Microsoft/Apple (Follow-up)You guys sent in some excellent e-mail in regards to the Microsoft and Apple posts last week, so let's continue.
First off, several of you asked if I was aware that Apple had already unified the user experience for Mac/iPod/iPhone/iPad. I was aware what they had done in the iPod/phone/pad experience, but I thought the desktop/notebook experience wasn't the same. Dave Yeager, though, sent in this:
I'd say very much they are similar. Launchpad on OS X is basically iOS on your iMac or MacBook: Launchpad
It is fascinating watching my wife work on her MacBook for example - I tend to prefer using keyboard shortcuts wherever possible whether I'm using an OS X machine at home or a Windows PC at work, but she uses Mac stuff exclusively in her office and operates her MacBook the same way you'd operate an iPhone or iPad. Since Apple mice since the Mighty Mouse have had gesture recognition (you can swipe across the surface of your mouse to do things), Apple has gone out of their way to really build out that functionality, and now that their most recognizable devices use touch only interfaces, it's a natural transition for them.
My wife launches all her applications from Launchpad which works just like her iPhone screen because it feels natural to her and she can swipe on her MacBook's touch pad. When she has multiple windows/applications open, she doesn't use keyboard shortcuts to switch between them or steer her mouse between windows, she swipes on her touch pad - the same way you would do in iOS.
Lost in the new iPad madness is the new Apple TV interface where it looks like they are finally going to give it an iOS style interface as well: Apple TV
On top of all that, for some time now Apple devices have had iCloud which syncs everything across all your devices without having to do anything. If I purchase a song on my iPhone, it is immediately available on my iMac, iPad, or Apple TV for example.

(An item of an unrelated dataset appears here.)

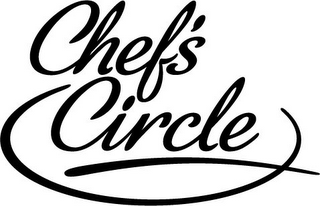 CHEF'S CIRCLE logo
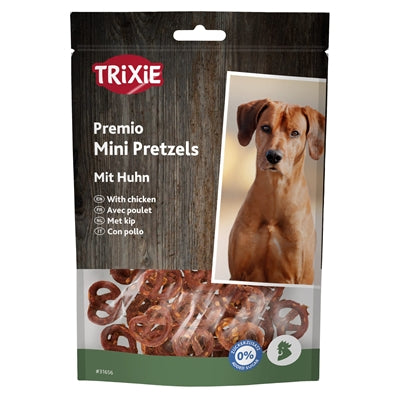 Load image into Gallery viewer, Trixie Mini pretzels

So yes, very much I would say Apple already has accomplished what Microsoft is looking to do with this. This is not accusing Microsoft of stealing in any way - I thoroughly enjoy both platforms and use them both on a daily basis. But I definitely do not see much new here in concept - what I see is Microsoft realizing that Apple has them beat with a unified platform and it WORKS in the marketplace, and they need to do the same thing if they want to keep up.
That's very interesting, and thanks to Dave for the information. Now, an e-mail from Ryan Malinowsky which has additional information about Win 8/Metro:
Last year my company sent a couple of our developers to the //build event where Windows 8 was officially debuted (I'm a developer myself, but sadly I didn't get to attend). When they came back they brought with them a couple of Samsung Series 7 tablets that were specially built for //build and to run Win8. They also brought back a ton of technical information regarding the OS which got me to start researching how it works, and it's gotten me pretty excited.
Before I get to the more technical stuff, though, let me mention that tablet. In a word, its fantastic. I've had an iPad for over a year now and I love it. I use it every day, and at this point I use it more than my desktop at home. I also have friends who have Galaxy Tabs and Kindle Fires, but that Samsung tablet, even though it is running what is basically an Alpha OS, already feels better in some ways. The UI is extremely responsive (there was never even a hint of slowness in my tests), it's very easy to switch between apps and to navigate around in general, and everything feels more connected than it does in iOS or Android. And that's with it running the Developer Preview build. We haven't tried it out with the Consumer Preview yet, but so far I am very impressed with Win8 as a tablet OS.
On the other hand, they haven't convinced me just yet that Metro is a superior experience for desktop PCs. If you aren't taking advantage of the touch features, working in Metro feels a lot more restrictive to me on a PC. I've tried it out on a virtual machine I have set up at work, and on a PC where it was installed as the primary OS. While everything works, its still easier for me to move around/switch between apps/multitask on the traditional desktop. I'll have to use it more to get a feel for how the Metro/desktop balance will work, but for now it feels kind of clunky.
The thing that has me really excited, though, is what they are doing under the covers to make Win8 truly cross platform and easy to develop for. Its a pretty powerful thing to have the same OS run on tablets and desktops because now I only have one platform to write apps for, and its a very powerful platform. I don't want to go into too much detail, but they've essentially rebuilt much of the OS from the ground up for Metro to make it more streamlined and to remove much of the legacy baggage that has plagued Windows for years. This is probably one of the most ambitious things Microsoft has ever attempted, and I'm also glad to see them give it a shot.
This has already gone on for much longer than I intended, but I did want to point out one more thing that you touched on in your post, and that is how this will all fit in with the Xbox 720. Basically, once Windows 8 tablets are widely available, I see no reason why MS can't do what Nintendo is doing with the WiiU interface, only to a much greater extent. They could make it to where your Win8 tablet can interface with the Xbox to stream content, play games, share data, etc. I wouldn't be surprised at all if that is a major part of their Xbox strategy going forward, given how popular gaming on tablets has already become.